Last week’s data shows that labor markets are improving, retail sales going into the Christmas season are respectable, industrial production remains relatively flat, consumer prices are still under control and housing starts are doing well.
Given the pick-up in activity that is probably in front of us, it is a favorable picture.
- Initial claims for unemployment insurance continue to decline. The 4-week average is down 7.3% from a year ago. Readings throughout the report are at or near historic lows. This indicates employers are holding tightly to their employees.
- Retail sales for October were up 4.3% from a year ago and 0.8% above September. The largest gains were in nonstore retailers, up 12.9% from a year ago.
- Manufacturing and trade sales were up 0.7% for the month in September and were up 0.8% from a year ago. Total inventories were up 0.1% and 0.6% respectively. Thus, the inventories to sales ratio declined to 1.38 from 1.39 from last month and a year ago. While the ratio is still high, it is now moving in the right direction (see chart below).
- Industrial production held steady in October after declining 0.2% in September. It now stands 0.9% below a year ago.
- Capacity utilization continues to slowly decline from already low levels. As of October, capacity utilization stood at 75.3, down 1.3% from a year ago and 0.1% from September. The long run average (1972-2015) is 80.
- Consumer prices for all urban consumers (CPI-U) in October were up 0.4% from September and 1.6% above a year ago. All items less food and energy were up 0.1% from September and 2.2% above a year ago. This is close to the FED’S target of 2.0%.

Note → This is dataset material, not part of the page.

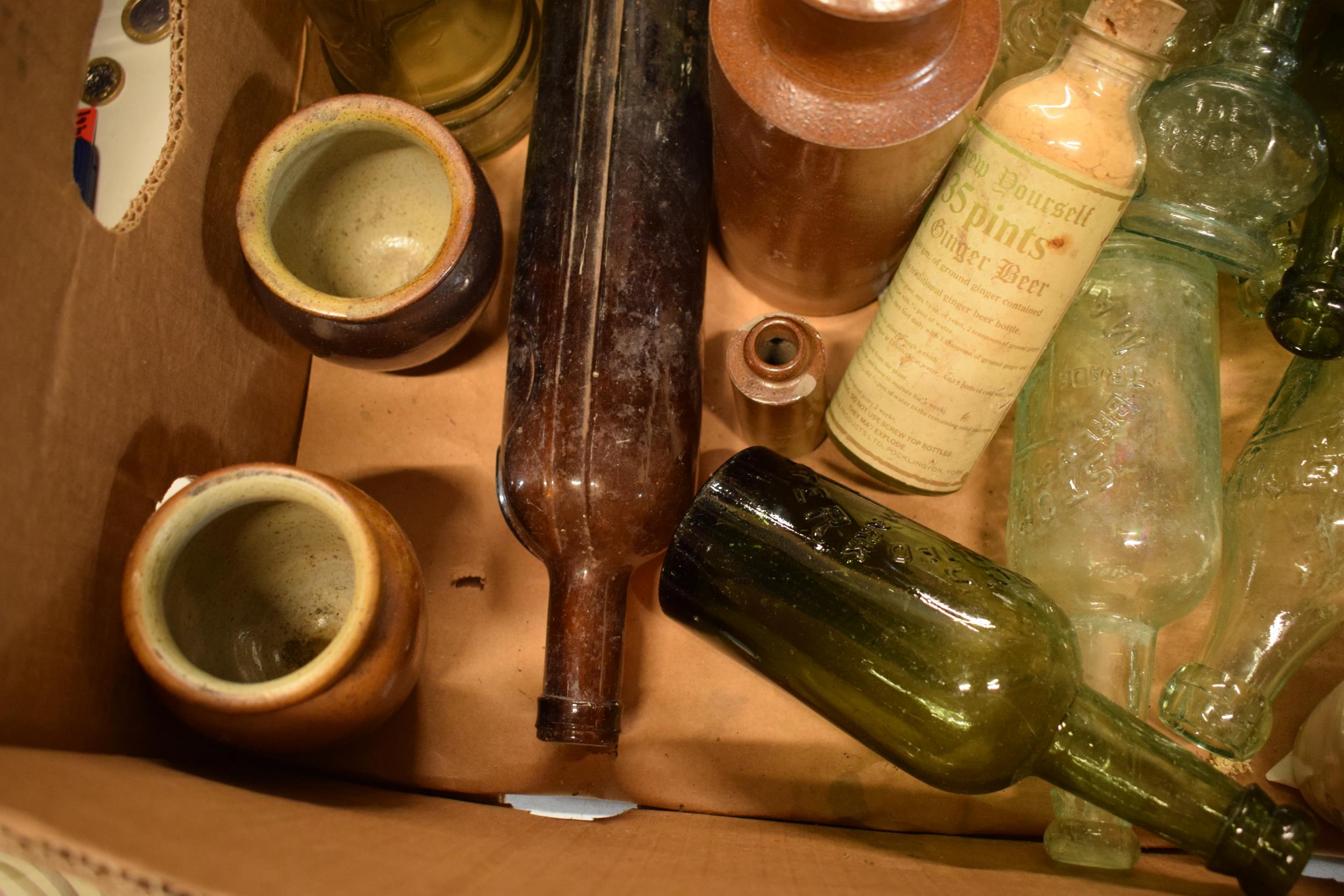 A mixed collection of vintage items to include stoneware jars and advertising glass bottles to - Image 3 of 5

- New residential construction did well in October. The most impressive numbers were in housing. Total housing starts were up 23.3% compared to year earlier levels and were up 25.5% over September. Single family starts were up 21.7% from year earlier levels and 10.7% from September. Total permits were up a more modest 4.6% from a year ago and 0.3% from a month ago. Single family permits were up 5.1% and 2.7% respectively.

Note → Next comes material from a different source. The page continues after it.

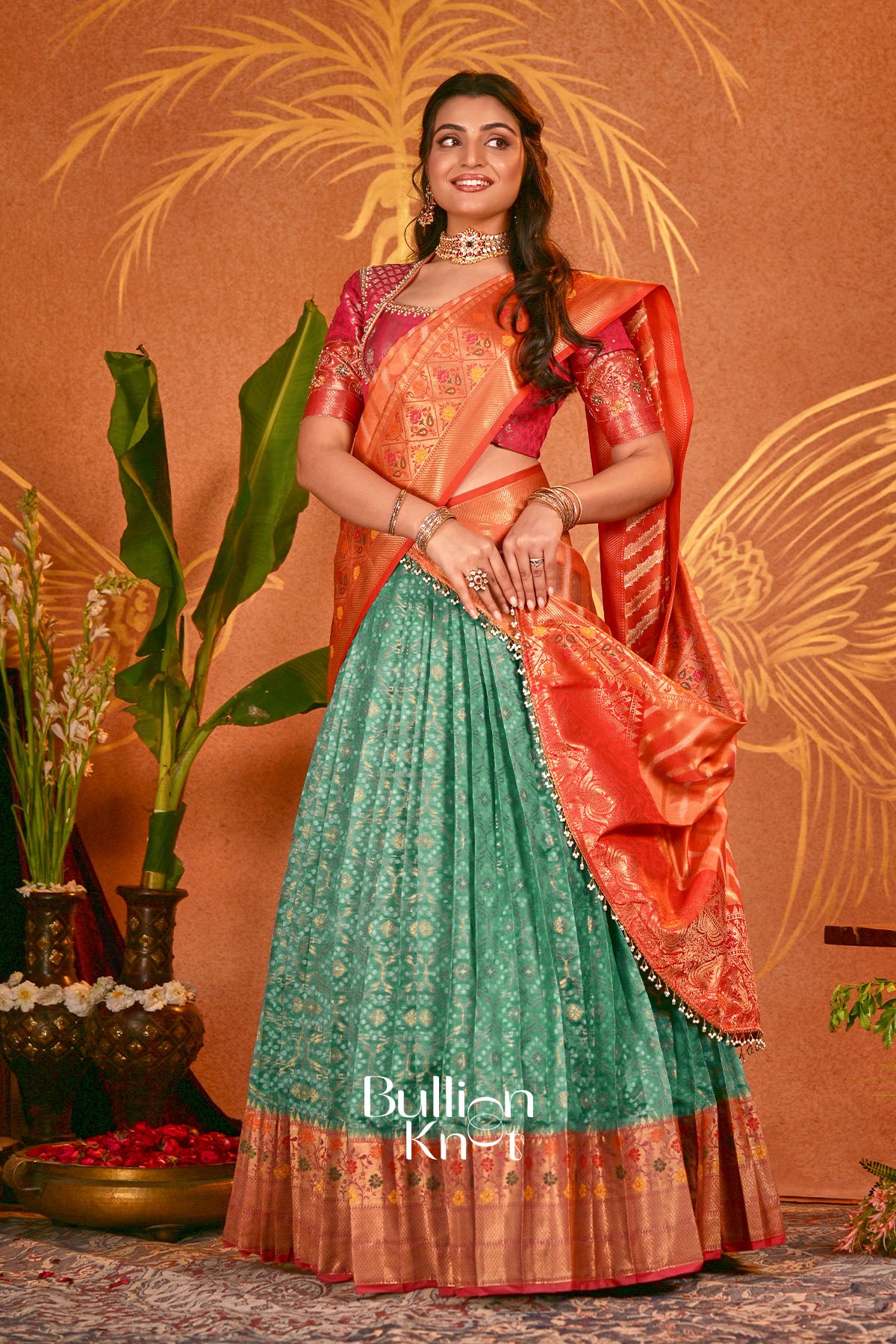 Mandira Orange Patola Silk Lehenga Set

- Arizona’s seasonally adjusted unemployment rate declined three tenths of a percentage point from 5.5% to 5.2% in October. The U.S. seasonally adjusted unemployment rate declined one-tenth of a percentage point from 5.0% to 4.9% in October. A year ago, the statewide rate was 6.1% and the U.S. rate was 5.0%. Greater Phoenix’s rate now stands at 4.5% and Greater Tucson at 4.8%.
- Arizona gained 28,000 nonfarm jobs in October Employment in the state is up 2.7% for the first 10 months of 2016 compared to the similar 2015 period. The state now ranks 8th out of 50 states in employment growth this year.
- Greater Phoenix has gained 37,800 jobs compared to a year ago. Year-to-date, Greater Phoenix area is up 3.1% and now ranks 7th out of 33 major employment markets in the U.S. Greater Tucson gained 7,000 jobs compared to a year ago and is up 2.9% year-to-date.
- R.L. Brown reported that there were 1,390 new housing permits in Greater Phoenix in October. This compared to 1,254 a year ago. Year-to-date, there have been 15,243 single family permits issued compared to 13,547 last year. This is a gain of 12.5%. R.L. also reports that the median resale price in October was $219,000 compared to $200,000 a year ago. That’s a gain of 9.5%. The median new home price was $317,048 in October compared to $302,792 a year ago. That’s a gain of 4.7%.
- Greater Tucson permitted 231 new homes in October. That’s a gain of 11.6% over a year ago. Year-to-date, the area has permitted 2,268 units, a 23.1% increase over last year’s 1,843 units.